Last evening we went for an ice walk, a date with each other and a camera, after a great meal and getting a mattress that is good for my back, and the kids can use the soft plush mattress, if their backs can hold up to it.
The view of course starts not on the ice in the marina, but across the street, in the eat ..ery called Clarkes
Clarkes General Store and Eatery, where the light plays and the sign begs for activity, hunger, patronage … and stands in defiance to the economy, which is so slowed down with oil prices so low, one wonders what will happen. All will dry up here, companies once robust and bold will become withered remains and reminders of the wasteful years and the Saudis will continue to be beyond belief wealthy, capable, and ruthless.
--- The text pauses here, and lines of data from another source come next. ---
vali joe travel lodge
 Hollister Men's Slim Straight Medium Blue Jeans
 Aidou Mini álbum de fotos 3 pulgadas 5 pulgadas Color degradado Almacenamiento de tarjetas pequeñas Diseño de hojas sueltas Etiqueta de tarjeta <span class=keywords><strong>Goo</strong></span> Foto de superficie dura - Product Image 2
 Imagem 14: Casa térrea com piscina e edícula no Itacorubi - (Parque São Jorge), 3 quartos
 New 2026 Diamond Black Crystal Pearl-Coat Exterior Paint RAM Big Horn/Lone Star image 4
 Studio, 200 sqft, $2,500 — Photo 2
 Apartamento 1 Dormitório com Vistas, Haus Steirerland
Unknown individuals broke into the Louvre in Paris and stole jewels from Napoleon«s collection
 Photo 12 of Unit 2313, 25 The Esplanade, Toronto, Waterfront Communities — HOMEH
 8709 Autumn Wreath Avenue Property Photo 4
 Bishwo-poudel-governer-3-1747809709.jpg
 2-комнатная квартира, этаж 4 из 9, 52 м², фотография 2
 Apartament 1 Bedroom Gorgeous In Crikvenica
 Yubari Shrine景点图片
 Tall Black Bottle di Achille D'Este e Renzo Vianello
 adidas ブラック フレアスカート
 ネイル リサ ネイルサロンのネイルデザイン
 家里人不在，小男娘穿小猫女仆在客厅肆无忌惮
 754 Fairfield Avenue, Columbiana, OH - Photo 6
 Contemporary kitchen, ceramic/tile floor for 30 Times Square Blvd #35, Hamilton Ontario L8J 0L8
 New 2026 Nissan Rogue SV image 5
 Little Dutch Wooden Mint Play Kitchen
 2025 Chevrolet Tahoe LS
Always the ruthless win, with lies and deceptions, and without conscience or concern for others.
But then freedom from all that as we descend into the Marina from the boardwalk, on to the snow covered ice.
At -14 C with even a slight breeze one needs the correct clothing and protection. And it would be so nice to have my cameras again. But the Nikon D7000 will do, and I did keep the tripod. It’s a tool of precision and stability, a companion with so many photo outings, so light and familiar. A connection with the past before it was so broken, and so powerful, allowing this kind of exposure at night: clear, colourful, dazzling and promising … if only I had skates on and the snow were cleared ….
Facing the other way
There is less draw into than a shove from the golden coloured Marina
away out into the darkness
past piles of snow.
And with ever so slightly a shift on the tripod the scene is less a push and less golden and all around less
Even though it is just seconds later.
The scene is not the photo, the camera and tripod do not make the photo …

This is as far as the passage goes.